Released last year with iOS 8, Family Sharing allows up to 5 Apple IDs (who share a credit card) to share iTunes, App Store, and iBooks purchases. So if I buy an app on my iPhone, my wife can look in my purchases and download the app without having to purchase it herself. This is nice because we had separate iTunes accounts long before we got married, and we have different enough taste in music that we didn't want to share iTunes libraries. Now if we make a purchase that interests the other, we can easily pull it into our own accounts.
Also, you can designate family members as children, and when they attempt to make purchases, an adult receives a request on their phone to approve the purchase. This is a great way to prevent kids from making unwanted purchases.
Finally, if someone ever leaves the family, they take their purchases with them. So when your kids grow up and leave home, they get to keep the apps and music they have accumulated over the years.
Family Sharing in the Classroom
So why is this useful with classroom iPads?
There are a lot of reasons to not use your personal Apple ID on a classroom iPad.
- Students could accidentally (or intentionally) change a setting in you account.
- Your ID is being used on a device you do not own, so your district or school could somehow have access to your account or demand control over the Apple ID on their devices (not that I think my district would do this).
- There is a 10 device limit per Apple ID. You don't want to use up all of the devices on your account with classroom devices.
To fix this, I created a new Apple ID using my school email address and made it part of my family. I use this ID to set up all classroom iPads.
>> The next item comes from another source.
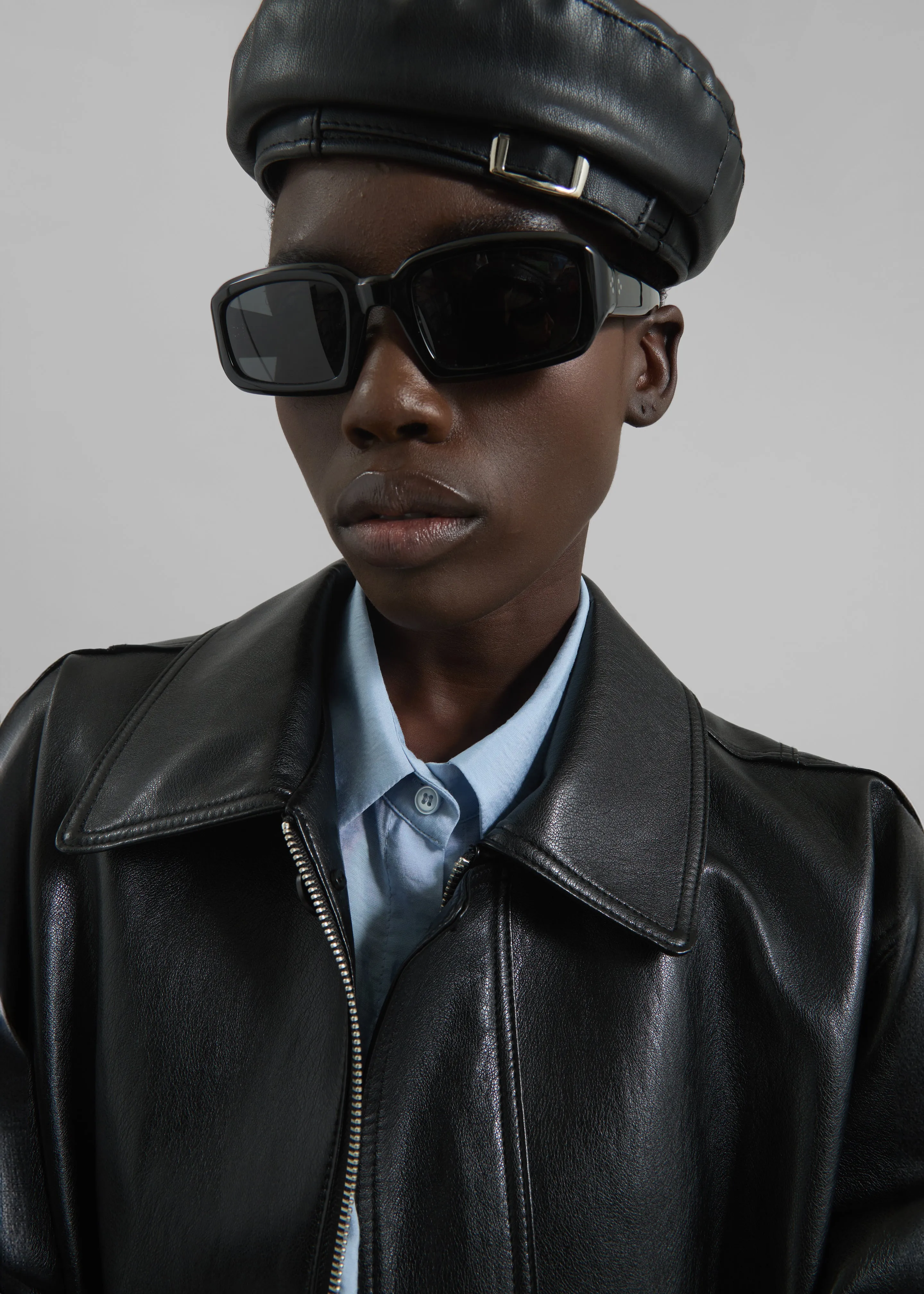 Cassel Faux Leather Jacket - Black sold by Frankie Shop product image thumbnail 5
Then, when I need to purchase a new app for my students, I buy it with my personal iTunes account, go onto the school iPads, and download the app from my family purchases.
This way I remain in control of my iTunes account, and it is only on my personal devices. I can purchase content for my students without fear that I will lose control of the account.
There are a few downsides to using Family Sharing on your classroom devices, but they can be easily remedied by turning on device restrictions (which is recommended anyway).
If a student understands how family sharing works (which in elementary school is not likely), they can get access to any content you have purchased (including music and movies). However, if you restrict access to installing apps and the iTunes/iBooks stores, this will not be a problem.
All in all, this solution works really well for schools and classrooms where 1-10 classroom iPads. Beyond this, a more robust system will be needed.
To set up Family Sharing, Apple has provided step-by-step instructions on their website.